Le spectacle relate l’histoire des forum, explique leur conception architecturale et les techniques qui ont permis leur construction, notamment comment les ingénieurs romains faisaient pour élever à dix mètres de haut des blocs de pierre de plusieurs tonnes. Il évoque aussi la chute de l’empire, la déchéance de la ville la plus grande du monde antique, d’un million d’habitants à moins de 40 000 quelques siècles plus tard. Au Moyen Âge, les forums sont occupés par des paysans qui y ont bâti de petites fermes avec jardins. Enfin, de la Renaissance à nos jours, la ville redevient un centre important de pouvoir et de commerce et se couvre de magnifiques églises et places. Rome, ville éternelle qui renaît sans cesse.

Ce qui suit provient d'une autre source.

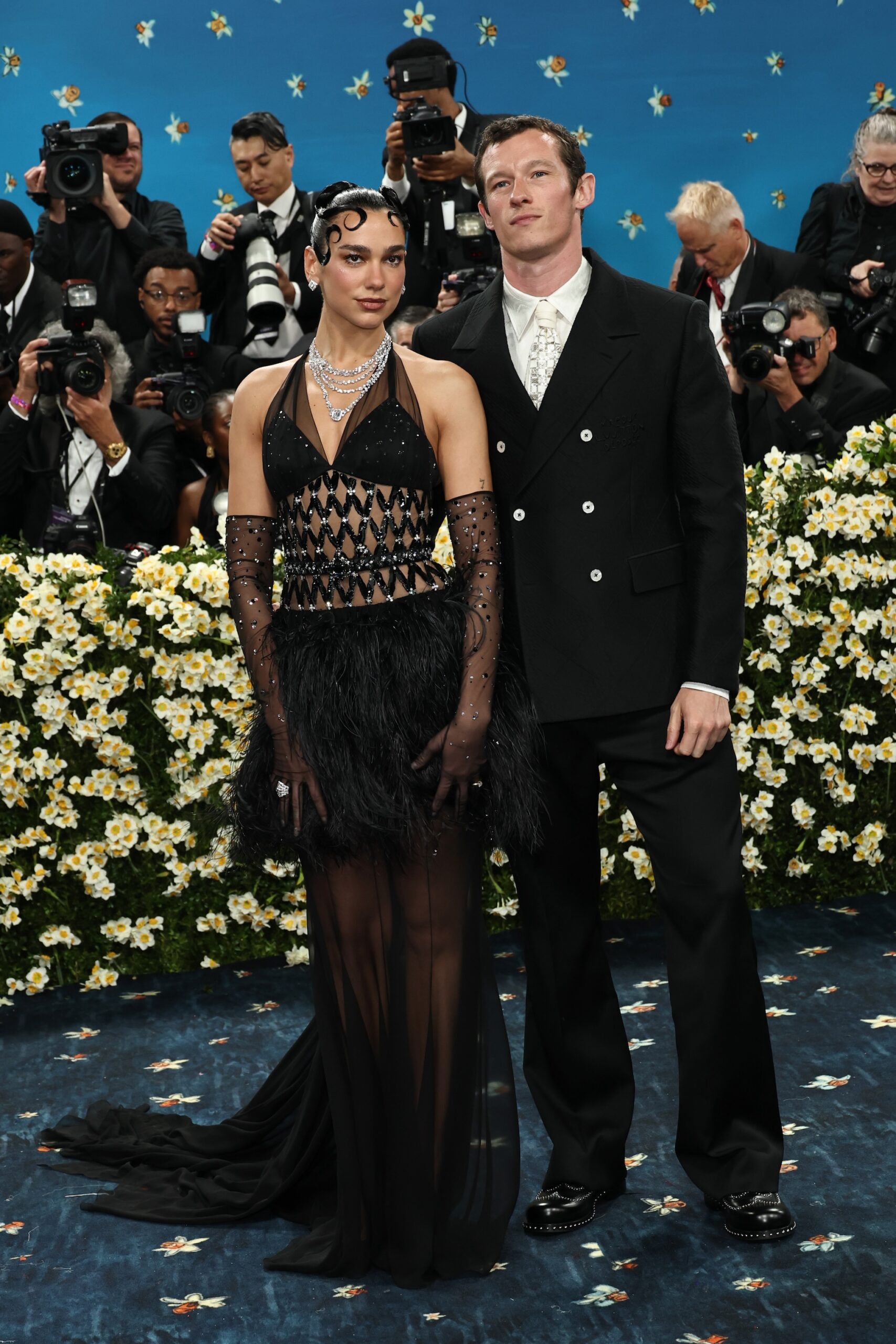 Dua Lipa and Callum Turner attend the 2025 Met Gala Celebrating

Une cité aussi importante qui a conquis la presque totalité du monde antique nécessitait un port à sa mesure. À vingt kilomètres, au bord de la mer, Ostia fut la ville portuaire de Rome, Peuplée de nombreuses corporations d’artisans, de commerçants, d’un amphithéâtre, de temples, etc., elle est aujourd’hui une immense et très belle cité de briques traversée par de grands axes qui coupent le long decumanus maximus. Le site est couvert de pins géants, très agréable pour se promener. La plage n’est pas loin, on en profite.
Le lendemain, visite de la Centrala, une ancienne centrale électrique abandonnée qui a accueilli le temps de travaux, des statues, mosaïques et bas-reliefs de la Rome antique (qui en a des milliers).

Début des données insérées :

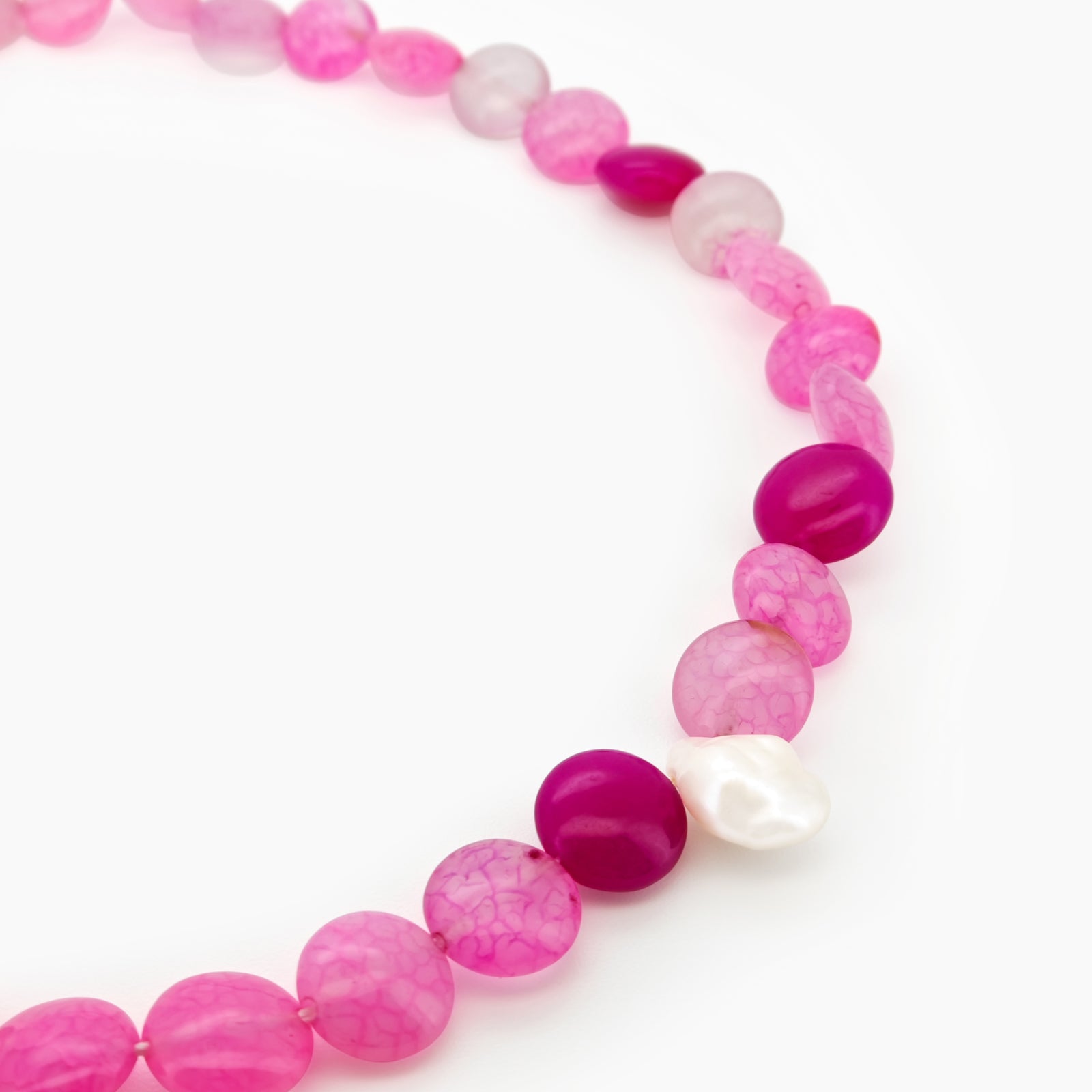 A beaded necklace with vibrant hot pink and translucent blush carnelian, accented by a single baroque pearl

Ces cultures entreposées au milieu de machines noires énormes ont créé un choc et les organisateurs ont décidé de faire perdurer le lieu. La salle des machines et la salle de la chaudière sont occupées par des machines impressionnantes qui font penser au film "Les Temps Modernes" de Chaplin : tuyauteries, robinets, turbines, écrans ronds, masses épaisses de machineries et de mécaniques complexes devant lesquelles trônent des bustes d’Auguste, de César et de nombreux bas-reliefs issus de tombeaux. Le contraste est bien agencé. Une autre manière de confronter les patrimoines...

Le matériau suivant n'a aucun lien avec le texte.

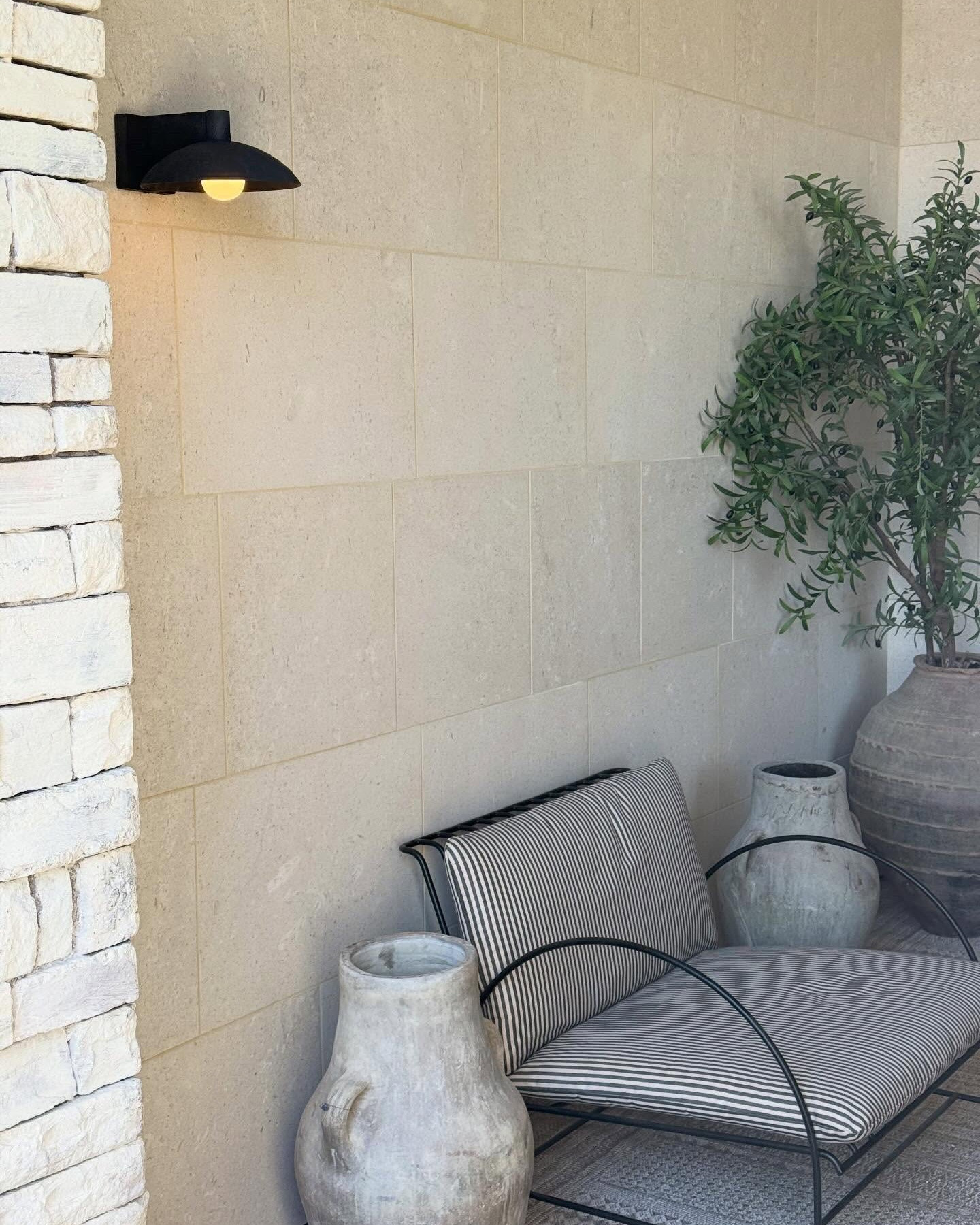 I did something a little unconventional for the outdoor sconces in the front entryway.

Il y a bien sur une quantité imposante de très belles églises à Rome. La Basique San Clémente est étonnante avec ses trois niveaux superposées : au plus bas, un ancêtre de l’église, le Mithraum, un culte à mystères très couru dans l’armée romaine qui a duré plusieurs siècle et eu de très nombreux adeptes. Juste au-dessus, l’église paléo-chrétienne du quatrième siècle, très grande, avec des fresques du 9ème siècle et, au niveau actuel, la très belle église du 17e avec des sols de marbre de toute beauté. Un peu plus loin, dans le quartier, on visite une belle église toute ronde, San Stefano Rotondo, et sur une immense place, la Basilique de Latran, la première église de Rome et la mère de toutes les églises. Elle est presque aussi grande que Saint Pierre. L’évêque est d’ailleurs le pape lui même.
Architecture intérieure actuelle due à Borromini marbres, dorures, grandes sculptures de l’école du Bernin mais le plus beau, c’est le cloitre avec ses doubles colonnades d’une grande finesse. Certaines ont leurs torsades recouvertes de céramique colorées.
Une petite note de tendresse mystique pour clore cette balade à Rome.